[Saved entries]
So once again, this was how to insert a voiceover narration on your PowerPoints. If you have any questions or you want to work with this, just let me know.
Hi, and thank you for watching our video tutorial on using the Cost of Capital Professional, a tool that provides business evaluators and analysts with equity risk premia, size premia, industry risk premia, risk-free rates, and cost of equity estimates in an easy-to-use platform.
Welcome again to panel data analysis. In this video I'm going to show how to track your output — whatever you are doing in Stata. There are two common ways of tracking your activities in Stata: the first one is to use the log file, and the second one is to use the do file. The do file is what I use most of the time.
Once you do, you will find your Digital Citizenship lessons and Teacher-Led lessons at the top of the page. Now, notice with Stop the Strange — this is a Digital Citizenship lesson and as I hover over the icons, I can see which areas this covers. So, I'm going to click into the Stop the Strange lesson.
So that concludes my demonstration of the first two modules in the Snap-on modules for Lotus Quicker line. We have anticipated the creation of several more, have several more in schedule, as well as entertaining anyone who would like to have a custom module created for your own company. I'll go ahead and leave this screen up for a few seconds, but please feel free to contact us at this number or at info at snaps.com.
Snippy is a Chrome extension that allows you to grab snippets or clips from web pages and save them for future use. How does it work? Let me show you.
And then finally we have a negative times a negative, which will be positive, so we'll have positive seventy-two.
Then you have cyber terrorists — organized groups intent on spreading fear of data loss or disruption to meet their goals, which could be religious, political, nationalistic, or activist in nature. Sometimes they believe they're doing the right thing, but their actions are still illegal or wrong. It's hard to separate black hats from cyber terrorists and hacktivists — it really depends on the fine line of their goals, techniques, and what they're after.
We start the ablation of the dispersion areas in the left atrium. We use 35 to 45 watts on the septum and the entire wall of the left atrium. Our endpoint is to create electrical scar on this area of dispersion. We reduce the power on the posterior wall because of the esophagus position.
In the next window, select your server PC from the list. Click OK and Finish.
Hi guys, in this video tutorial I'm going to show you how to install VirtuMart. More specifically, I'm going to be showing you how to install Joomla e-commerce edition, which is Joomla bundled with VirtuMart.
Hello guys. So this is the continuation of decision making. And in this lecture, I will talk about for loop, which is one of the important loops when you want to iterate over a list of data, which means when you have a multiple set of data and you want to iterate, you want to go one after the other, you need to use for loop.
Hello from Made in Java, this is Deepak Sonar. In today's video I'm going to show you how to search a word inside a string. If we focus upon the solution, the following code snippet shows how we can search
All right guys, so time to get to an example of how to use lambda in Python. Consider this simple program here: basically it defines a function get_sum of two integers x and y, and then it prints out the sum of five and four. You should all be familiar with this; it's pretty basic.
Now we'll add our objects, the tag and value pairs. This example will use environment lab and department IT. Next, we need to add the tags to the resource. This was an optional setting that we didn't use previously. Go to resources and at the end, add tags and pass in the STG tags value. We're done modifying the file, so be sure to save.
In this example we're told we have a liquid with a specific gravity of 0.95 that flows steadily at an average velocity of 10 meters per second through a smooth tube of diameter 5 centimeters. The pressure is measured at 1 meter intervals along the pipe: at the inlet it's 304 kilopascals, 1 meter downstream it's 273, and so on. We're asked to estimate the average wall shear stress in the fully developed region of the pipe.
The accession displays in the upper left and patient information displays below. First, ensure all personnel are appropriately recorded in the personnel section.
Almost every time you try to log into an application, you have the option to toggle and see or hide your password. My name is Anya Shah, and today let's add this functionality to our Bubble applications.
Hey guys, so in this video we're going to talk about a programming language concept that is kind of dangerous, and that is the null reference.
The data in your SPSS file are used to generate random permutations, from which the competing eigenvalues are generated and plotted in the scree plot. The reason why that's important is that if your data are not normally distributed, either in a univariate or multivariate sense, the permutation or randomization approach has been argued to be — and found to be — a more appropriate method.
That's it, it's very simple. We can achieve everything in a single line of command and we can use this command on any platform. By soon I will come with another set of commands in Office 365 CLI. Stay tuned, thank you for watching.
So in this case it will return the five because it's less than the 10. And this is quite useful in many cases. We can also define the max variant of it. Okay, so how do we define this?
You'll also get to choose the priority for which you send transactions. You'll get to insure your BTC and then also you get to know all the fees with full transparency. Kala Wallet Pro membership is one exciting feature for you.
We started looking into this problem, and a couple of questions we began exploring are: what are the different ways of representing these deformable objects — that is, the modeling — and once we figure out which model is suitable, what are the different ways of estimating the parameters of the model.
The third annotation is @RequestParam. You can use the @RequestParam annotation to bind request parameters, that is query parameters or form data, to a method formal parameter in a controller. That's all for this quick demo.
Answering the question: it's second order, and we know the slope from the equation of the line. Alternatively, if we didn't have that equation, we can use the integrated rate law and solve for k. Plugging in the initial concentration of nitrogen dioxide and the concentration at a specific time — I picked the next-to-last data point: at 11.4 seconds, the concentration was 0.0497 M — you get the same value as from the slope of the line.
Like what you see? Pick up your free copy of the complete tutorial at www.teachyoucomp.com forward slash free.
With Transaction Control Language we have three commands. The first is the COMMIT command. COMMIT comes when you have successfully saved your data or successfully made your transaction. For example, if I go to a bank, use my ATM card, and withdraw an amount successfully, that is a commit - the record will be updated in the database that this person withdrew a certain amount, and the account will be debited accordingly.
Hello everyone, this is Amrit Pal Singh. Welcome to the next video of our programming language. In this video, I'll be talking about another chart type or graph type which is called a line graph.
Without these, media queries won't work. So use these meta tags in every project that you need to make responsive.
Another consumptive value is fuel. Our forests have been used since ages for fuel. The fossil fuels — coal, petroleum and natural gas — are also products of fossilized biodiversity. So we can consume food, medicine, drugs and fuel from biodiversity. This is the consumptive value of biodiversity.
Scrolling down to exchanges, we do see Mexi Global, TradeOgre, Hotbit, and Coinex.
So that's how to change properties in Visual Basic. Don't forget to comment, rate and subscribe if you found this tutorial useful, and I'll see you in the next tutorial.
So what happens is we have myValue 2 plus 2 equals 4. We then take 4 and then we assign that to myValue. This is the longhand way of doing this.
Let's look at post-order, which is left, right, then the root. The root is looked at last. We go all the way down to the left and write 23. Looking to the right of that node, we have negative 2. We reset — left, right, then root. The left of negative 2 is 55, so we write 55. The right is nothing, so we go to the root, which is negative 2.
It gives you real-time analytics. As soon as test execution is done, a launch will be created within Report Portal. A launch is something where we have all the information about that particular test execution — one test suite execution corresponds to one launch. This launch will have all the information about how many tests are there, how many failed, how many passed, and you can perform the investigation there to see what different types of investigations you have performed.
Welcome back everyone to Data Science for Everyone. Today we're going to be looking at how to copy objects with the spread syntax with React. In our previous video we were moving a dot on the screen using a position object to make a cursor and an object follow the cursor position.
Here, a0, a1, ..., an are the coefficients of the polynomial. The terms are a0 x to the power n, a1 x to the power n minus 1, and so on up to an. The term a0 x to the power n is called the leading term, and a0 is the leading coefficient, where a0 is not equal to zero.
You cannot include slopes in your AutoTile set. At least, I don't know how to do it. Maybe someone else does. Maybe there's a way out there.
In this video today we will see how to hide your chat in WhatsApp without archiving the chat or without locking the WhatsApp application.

**Work required:** Within the data above, the lines from the one with "Hey guys, so" to the one with "You'll also get" must be repeated exactly; no other line belongs in the answer.

**Answer to this exercise:**
Hey guys, so in this video we're going to talk about a programming language concept that is kind of dangerous, and that is the null reference.
The data in your SPSS file are used to generate random permutations, from which the competing eigenvalues are generated and plotted in the scree plot. The reason why that's important is that if your data are not normally distributed, either in a univariate or multivariate sense, the permutation or randomization approach has been argued to be — and found to be — a more appropriate method.
That's it, it's very simple. We can achieve everything in a single line of command and we can use this command on any platform. By soon I will come with another set of commands in Office 365 CLI. Stay tuned, thank you for watching.
So in this case it will return the five because it's less than the 10. And this is quite useful in many cases. We can also define the max variant of it. Okay, so how do we define this?
You'll also get to choose the priority for which you send transactions. You'll get to insure your BTC and then also you get to know all the fees with full transparency. Kala Wallet Pro membership is one exciting feature for you.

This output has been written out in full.